→ WORK ITEM: All lines from the one containing "スターエーストイズ　ワンダーズ オブ ザ" to the end of the entries below should be output exactly as they appear. No other lines should be output.

===============

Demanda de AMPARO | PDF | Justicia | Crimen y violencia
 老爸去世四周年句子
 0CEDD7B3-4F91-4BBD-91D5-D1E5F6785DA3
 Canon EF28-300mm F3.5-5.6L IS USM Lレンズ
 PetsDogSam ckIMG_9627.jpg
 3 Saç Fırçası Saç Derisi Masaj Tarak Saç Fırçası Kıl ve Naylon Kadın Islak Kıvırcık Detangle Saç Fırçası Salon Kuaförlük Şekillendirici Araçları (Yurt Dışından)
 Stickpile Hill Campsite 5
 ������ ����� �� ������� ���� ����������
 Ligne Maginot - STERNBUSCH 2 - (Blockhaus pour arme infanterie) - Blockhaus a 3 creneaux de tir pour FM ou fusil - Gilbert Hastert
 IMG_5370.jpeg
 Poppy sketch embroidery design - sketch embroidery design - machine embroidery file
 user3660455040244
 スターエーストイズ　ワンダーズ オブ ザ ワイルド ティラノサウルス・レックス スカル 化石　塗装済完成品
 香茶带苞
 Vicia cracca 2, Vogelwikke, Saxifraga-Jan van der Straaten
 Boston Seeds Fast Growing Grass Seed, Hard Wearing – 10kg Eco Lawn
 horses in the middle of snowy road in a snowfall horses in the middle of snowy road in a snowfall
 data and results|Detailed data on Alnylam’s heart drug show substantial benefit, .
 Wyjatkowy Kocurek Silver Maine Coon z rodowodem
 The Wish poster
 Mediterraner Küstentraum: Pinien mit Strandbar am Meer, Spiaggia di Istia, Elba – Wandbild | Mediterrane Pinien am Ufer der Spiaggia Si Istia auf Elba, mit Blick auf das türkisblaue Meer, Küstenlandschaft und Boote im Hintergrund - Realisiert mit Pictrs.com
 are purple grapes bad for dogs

===============

→ REPLY TO THE EXERCISE:
 スターエーストイズ　ワンダーズ オブ ザ ワイルド ティラノサウルス・レックス スカル 化石　塗装済完成品
 香茶带苞
 Vicia cracca 2, Vogelwikke, Saxifraga-Jan van der Straaten
 Boston Seeds Fast Growing Grass Seed, Hard Wearing – 10kg Eco Lawn
 horses in the middle of snowy road in a snowfall horses in the middle of snowy road in a snowfall
 data and results|Detailed data on Alnylam’s heart drug show substantial benefit, .
 Wyjatkowy Kocurek Silver Maine Coon z rodowodem
 The Wish poster
 Mediterraner Küstentraum: Pinien mit Strandbar am Meer, Spiaggia di Istia, Elba – Wandbild | Mediterrane Pinien am Ufer der Spiaggia Si Istia auf Elba, mit Blick auf das türkisblaue Meer, Küstenlandschaft und Boote im Hintergrund - Realisiert mit Pictrs.com
 are purple grapes bad for dogs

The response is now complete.